The concept has been validated by studying changes in porcine lenses after UVA irradiation to mimic a cataract. The measurements were carried out on fresh porcine lenses on the same day that they were obtained from an abattoir. The UVAmodel was chosen since UV is a known risk factor in humans. Some of these lenses were imaged at NHS Princess Alexandra Eye Pavilion (Livingston, UK) by a conventional slit lamp (Haag Streit BQ); after four hours, they showed visible signs of cataract damage. Fluorescence images of irradiated and normal lenses were taken with a FinePix S5600 digital camera, using excitation by an Edinburgh Instruments 320 nm LED at the same UV exposure time and numerical aperture. Spectral measurements were made on a series of irradiated samples with an Edinburgh Instruments FLS920 spectrometer. The tryptophan fluorescence was found to change significantly within 20 minutes.

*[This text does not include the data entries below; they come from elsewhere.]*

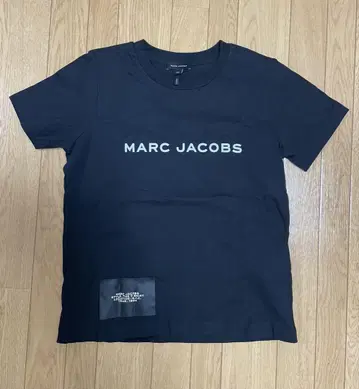 MARC JACOBS 마크제이콥스 XS 블랙 티셔츠
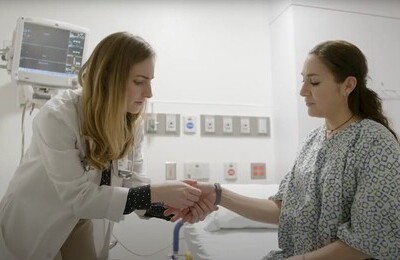 Кодирование Аквилонг в Джанкое Врач держит пациентку за руку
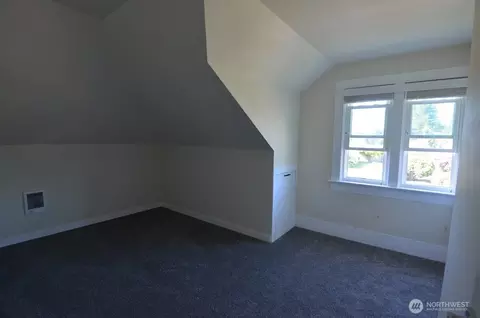 Bedroom - 15508 Meade Mccumber Rd E, Sumner, WA 98390 photo 6 of 7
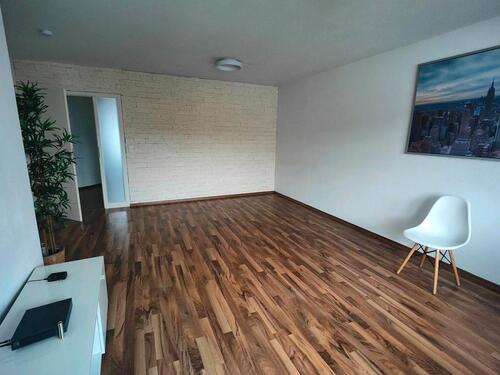 Foto - Frisch gestrichene 3 Zimmer Wohnung in Renningen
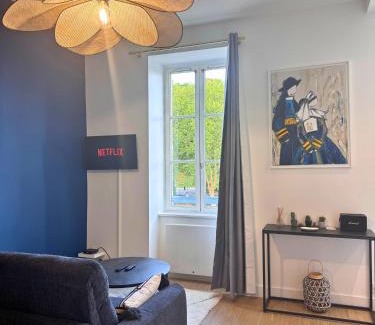 Quimper Apartment | Charmant logement face aux quais de Quimper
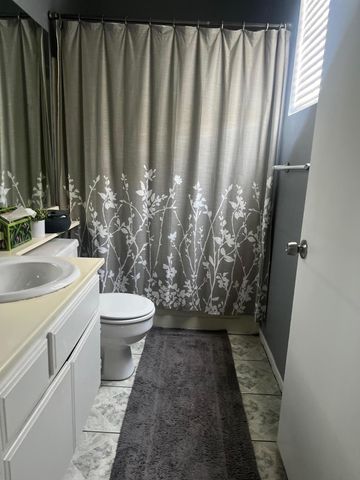 640 W 4th Street, 205, Long Beach, CA 90802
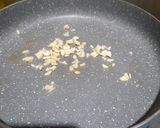 Foto langkah ke 1 dari resep 50.2024. Tumis Telor Ceplok Ayam & Tomat.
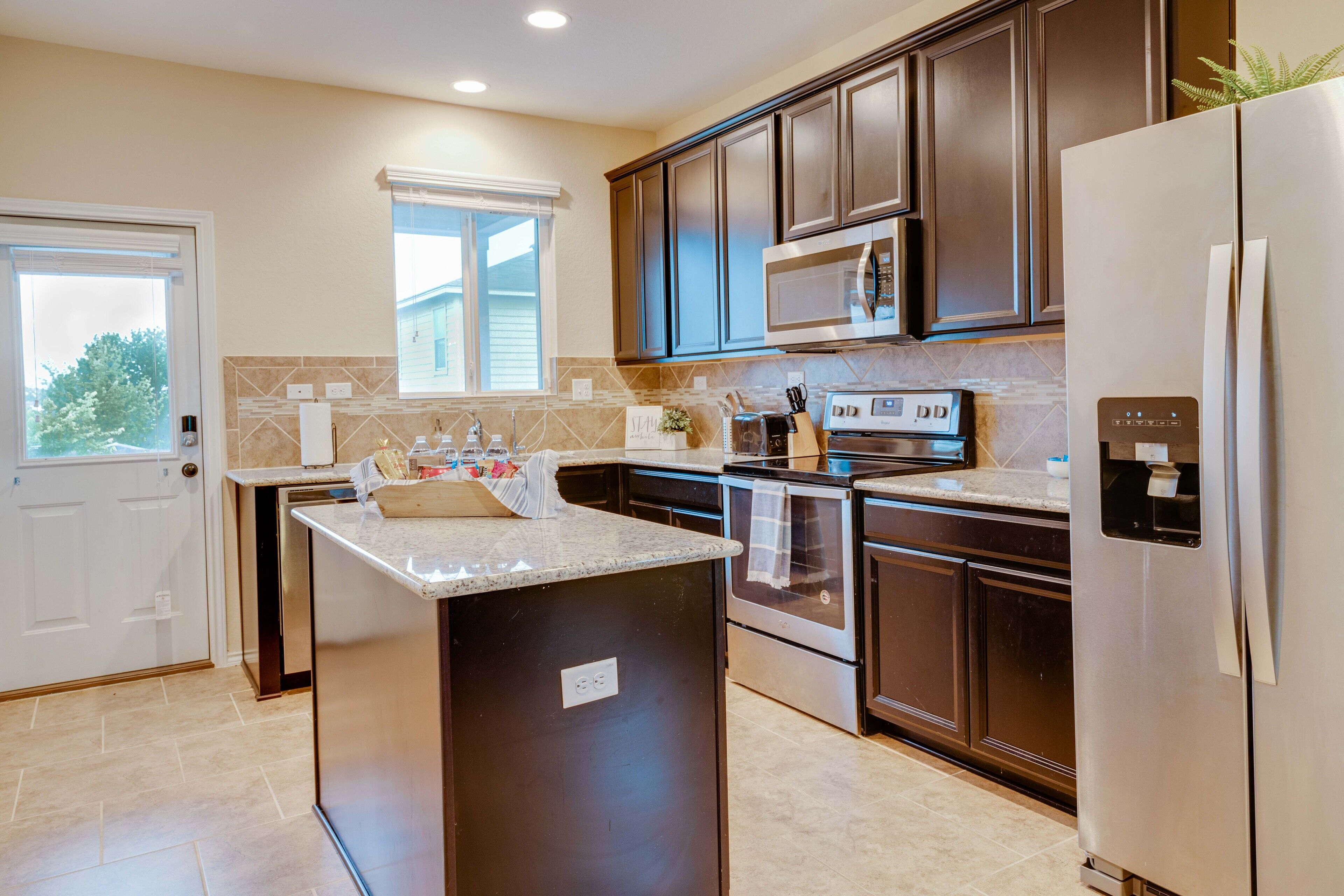 Beautiful Home Close to Randolph Air Force Base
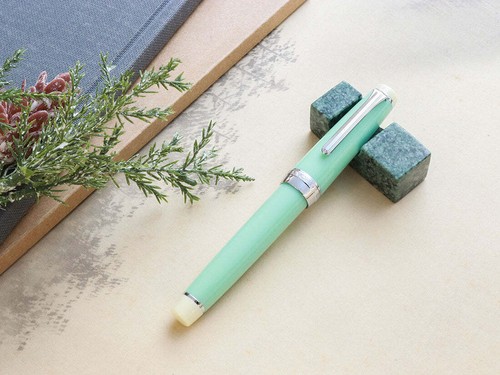 WANCHER Jade / Jade Fountain Pen 21K Nib EF/F/MF/M/B - Picture 3 of 10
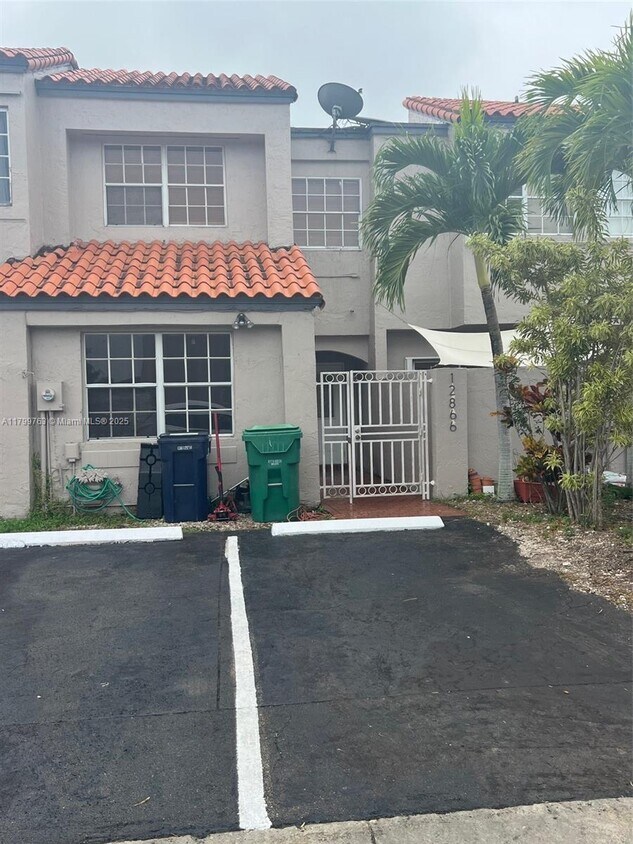 Foto principal - 12866 SW 62nd Terrace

It was shown that the UVA irradiation brings about a significant decrease in the intensity of tryptophan fluorescence, a red shift of its emission spectrum, and a creation of an additional non-tryptophan fluorescence band with maximum at 435 nm. The non-tryptophan emission increased with the duration of irradiation at the same time the tryptophan fluorescence intensity decreased. This suggests conversion of the tryptophan is sensitive to the changes in the lens structure. Hence, either could be used to quantify defects at a molecule level. In contrast, after four hours of UVA irradiation, when the structural changes in the lens were seen by the conventional slit-lamp method, the changes had reached their saturation level. The experiments offer a sensitive method for monitoring very early changes in the lens structure that cannot be detected by the standard slit-lamp method.
Red-edge measurements in a whole pig’s eye were made due to the transparency of cornea and aqueous humour at this wavelength of 317 nm; hence there is potential for in vivo applications. Importantly, application of a robust optical design and the light grasp of interference filters should enable these measurements to be conducted at irradiation levels well below the daily safety threshold for UVA exposure.
Exploiting this discovery could allow the development of a clinically useful, non-invasive tool sensitive enough to detect, diagnose, and monitor lens change before significant damage occurs. This method could help to establish the point at which the irreversible crystalline protein change occurs. It also has the potential to act as a screening method for potential pharmacological treatment. In addition, clinical applications of this method would help in diagnostics of early stages of metabolic disorders such as diabetes, preventative treatment of which could delay the development of chronic diseases.